NELLA CAPITALE sono evidenti le contraddizioni e le peculiarità di questa repubblica, riconosciuta solo da altre nazioni a loro volta non riconosciute (Artsakh, Ossezia del sud e Abcasia). Dove tutti dicono ci sia una forte presenza di contrabbando di armi, di droghe e di tessile contraffatto. Dove, ad ogni modo, si preferisce il silenzio alla luce dei riflettori.
Ci troviamo a meno di venti km dalla guerra, ma è evidente la quiete con la quale accoglie Tiraspol. La bandiera nazionale – l’unica al mondo ad aver mantenuto falce e martello – campeggia ovunque, così come l’effigie di Lenin, raffigurata in una statua alta decine di metri che domina il piazzale antistante un edificio governativo. Ci sono poi i carri armati russi a far da monumenti, Karl Marx a prestare il suo nome per il viale principale e le tombe dei caduti nella guerra di indipendenza addobbate a fiori e terra fresca.

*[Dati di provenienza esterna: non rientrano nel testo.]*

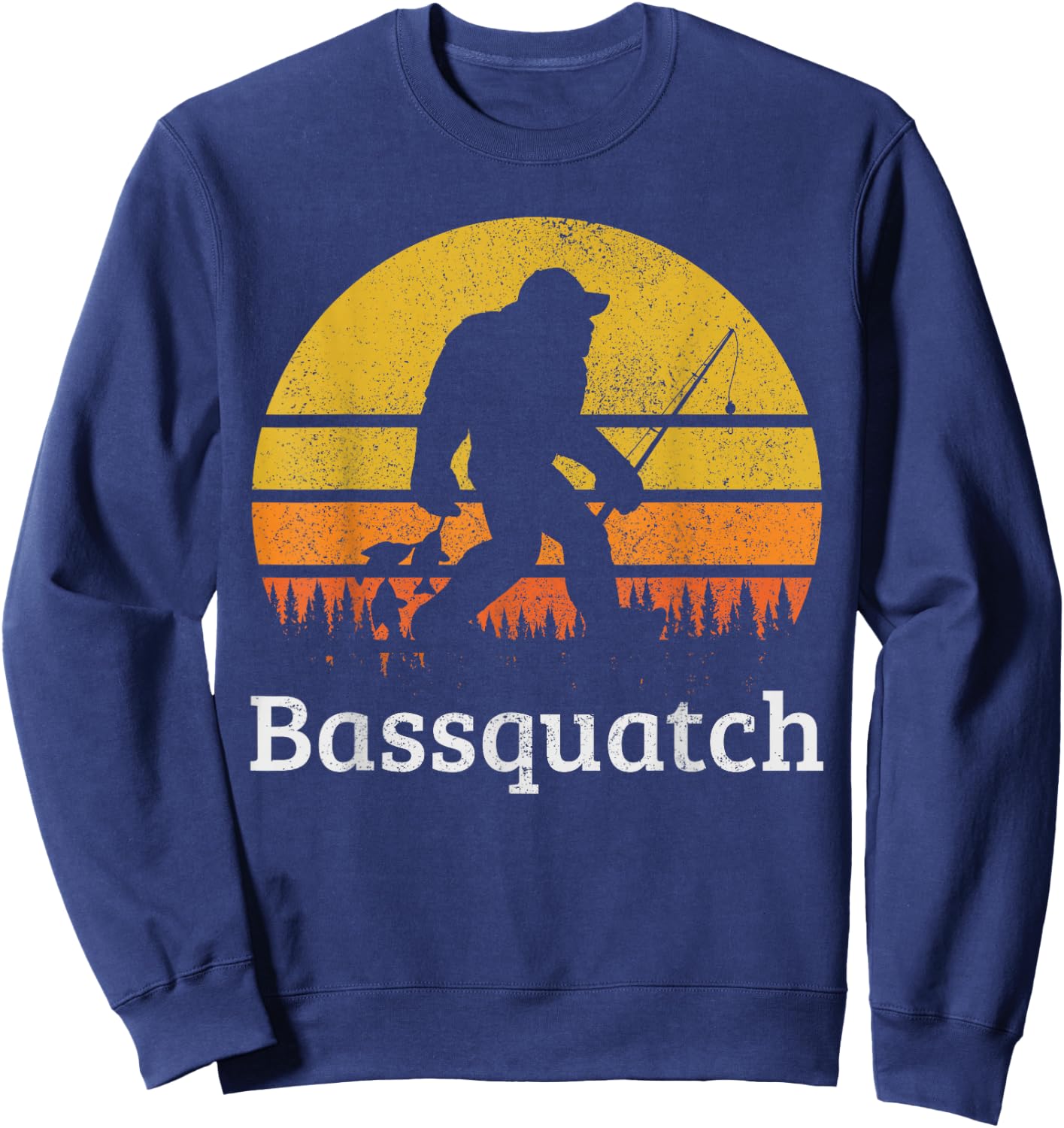 Bassquatch Funny Bass Fishing Sasquatch Bigfoot Vintage Gift Sweatshirt - Sweatshirt | Navy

TUTTO QUESTO convive con marchi dell’abbigliamento italiano, un ordine urbanistico e una pulizia tra le strade che colpisce. Mentre su un grande monumento alle ultime guerre dei transnistriani – con l’armata rossa nel secondo conflitto mondiale, in Afghanistan, e per l’indipendenza dalla Moldavia negli anni novanta – viene lasciata una parete completamente vuota, come a profetizzare che, prima o poi, un’altra guerra ci sarà.
Non la pensano così Tatiana e la sua famiglia. Lei è di Chisinau, ma si è trasferita a Pervomaisc quattro anni fa. In Moldavia non trovava case alla portata del suo reddito, e suo padre era originario della zona.

Hanno saputo della guerra da internet: «Abbiamo subito ricevuto chiamate da amici e parenti dalla Moldavia – racconta Tatiana – ma ci davano informazioni sbagliate fin dal primo giorno della guerra. Qui sentiamo sicuri, grazie ai pacificatori russi».
Il 4 marzo le persone che abitano in zona si sono spaventate per le esplosioni che hanno fatto saltare parte del ponte ferroviario sul confine, sulla linea Chisinau – Odessa. Diverse cariche, nella parte in territorio ucraino del ponte, volte a interrompere un passaggio tra i due Paesi.

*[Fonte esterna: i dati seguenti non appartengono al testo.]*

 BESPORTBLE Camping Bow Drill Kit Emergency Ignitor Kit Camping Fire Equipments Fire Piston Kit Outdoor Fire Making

«NOI QUI non vogliamo aggredire proprio nessuno – afferma ancora la donna – anzi, ho paura che chiamino in guerra mio marito, che ha fatto il militare nel mar Baltico. La Russia sta liberando parte dell’Ucraina dai nazifascisti. Non è un’invasione ma una guerra di liberazione, come quella che ha combattuto mio padre negli anni ‘40. Il problema non è con la popolazione ucraina ma con le forze del Donbass e la causa sono i mancati accordi di Minsk». Tatiana vive ai margini di un Paese non riconosciuto, in un piccolo centro al confine con un luogo in guerra ma sembra essere determinata nelle sue convinzioni, influenzate dal racconto russo della guerra che vede e ascolta in tv.

DICE CHE LA RIVOLTA di Maidan a Kiev, nel 2014, è stata così impattante da aver «fatto separare le famiglie» composte da russofoni e ucrainofoni. Ci chiede quale sia la percezione della Transnistria in Italia, le rispondiamo che quasi nessuno la conosce. Ci tiene a specificare che nel suo Paese vengono accolti i profughi ucraini (tra 15mila e 25mila a seconda delle fonti transnistriane o moldave) e che presto tornerà a parlare con i suoi amici di Pavlivka.
In fondo devono sperarlo in molti, su entrambe le rive del fiume Kuchurhan, che divide la nazione che non c’è e i suoi vicini in guerra.